A holistic view on media and conversion optimisation

By Stephan van den Bremer

The online media world is changing rapidly. Technology is playing an important role here. Homepage takeovers, video pre-rolls, html banners: all examples of technology innovations of the last couple of years seducing marketers to spend more of their media budget. Data has also changed the digital media landscape, where retargeting was a buzzword three years ago, nowadays it is offered by almost everybody. Real-time bidding, which has existed for a while in paid search, is another innovation that impacted the display media buying, stimulating performance based marketing even more.

With so much media technology available, it is difficult to keep track of it all. That is where digital marketing automation comes in, to optimise channels automatically. Sometimes it seems like marketers forget that the ROI of media spend largely depends on what happens on the site as well.
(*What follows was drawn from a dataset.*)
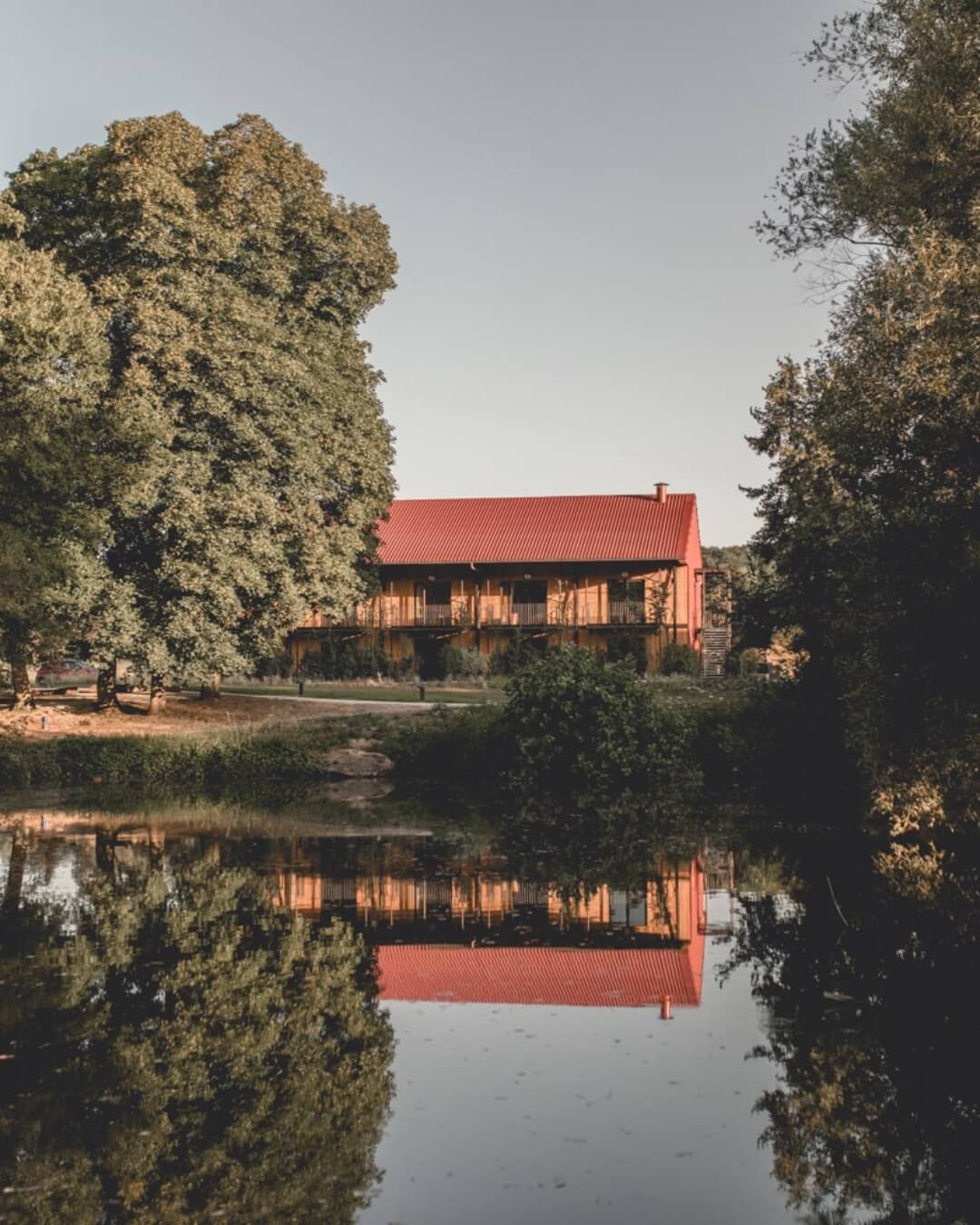Le Barn's countryside retreat features a pond framed by natural greenery and lush grass.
When you experience more and more difficulties getting additional traffic to the site below a certain Cost Per Acquisition (CPA), the logical conclusion should be to focus on conversion optimisation now and allocate budget accordingly.

This principle is exactly what we learned in school under Gossen’s First Law, named after the German economist Hermann Gossen. Very basically described, it means that every additional euro spent adds less value than the previous one. For example, the first media euro that you spend will bring ten new visitors to your website, where the second euro perhaps will generate nine additional visitors. The hundredth euro may only deliver one extra visitor. That last additional visitor cost 1 euro, whereas the first visitor cost just 0.10 euro. Alternatively, that euro could also have been spent on conversion optimisation (optimising forms, order pages, pro-active engagements, content personalisation, etc.). If, for example, this investment improved the conversion rate from 10% to 11%, that would have been the equivalent of one incremental sale based on 100 visitors. This would result in an ROI that is ten times higher than spending that euro on media.

Of course, for automated conversion optimisation this principle is valid as well. The ROI of every additional euro will decline as more money is spent. But there is an additional effect: an increase in conversion rate will bring the CPA of media down as well, which perhaps, in turn, makes it viable again to raise media spend. An effective automation system will consider this when optimising.

My point is not to prefer conversion optimisation above trafficking, but to take a holistic view as a marketer. Putting media and conversion optimisation in silos will lead to a sub-optimal allocation of marketing budget. To start with, there should be one budget, one responsibility and one integrated, automated technology. Each company will discover which starting point works best, whether it is on the media side or conversion side.